3. Les dispositions du deuxième alinéa du 6° l'article L. 313-11 du code de l'entrée et du séjour des étrangers et du droit d'asile selon lesquelles " Lorsque la filiation est établie à l'égard d'un parent, en application de l'article 316 du code civil, le demandeur, s'il n'est pas l'auteur de la reconnaissance de paternité ou de maternité, justifie que ce dernier contribue effectivement à l'entretien et à l'éducation de l'enfant, dans les conditions prévues à l'article 371-2 du même code, ou produit une décision de justice relative à la contribution à l'éducation et à l'entretien de l'enfant. Lorsque le lien de filiation est établi mais que la preuve de la contribution n'est pas rapportée ou qu'aucune décision de justice n'est intervenue, le droit au séjour du demandeur s'apprécie au regard du respect de sa vie privée et familiale et au regard de l'intérêt supérieur de l'enfant ; (...) " ont été introduites par l'article 55 de la loi du 10 septembre 2018 pour une immigration maîtrisée, un droit d'asile effectif et une intégration réussie. Il résulte des dispositions combinées du IV de l'article 71 de la loi du 10 septembre 2018 et du I de l'article 52 du décret du 27 février 2019 pris pour son application que les dispositions citées ci-dessus s'appliquent aux demandes postérieures au 1er mars 2019.

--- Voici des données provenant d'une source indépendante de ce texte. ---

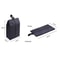 HighBarrier Nautical Nylon Shoe Management System 2Pack Waterproof Travel Organizer With HighTorqu 6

4. Il ressort des pièces du dossier que Mme A... a présenté une demande de titre de séjour en tant que parent d'enfant français le 19 octobre 2017. Par conséquent, les dispositions du deuxième alinéa du 6° de l'article L. 313-11 du code de l'entrée et du séjour des étrangers et du droit d'asile ne lui étaient pas opposables. Par suite, le préfet ne pouvait refuser à Mme A... de lui délivrer un titre de séjour sur le fondement de cet article au motif qu'elle ne justifiait pas d'une contribution effective de la part du père de son fils de nationalité française à l'entretien et à l'éducation de cet enfant. Il ne peut ainsi utilement se prévaloir, pour critiquer le jugement attaqué, de ce qu'aucun élément au dossier n'établit que le père de l'enfant de Mme A... contribue à son entretien et son éducation.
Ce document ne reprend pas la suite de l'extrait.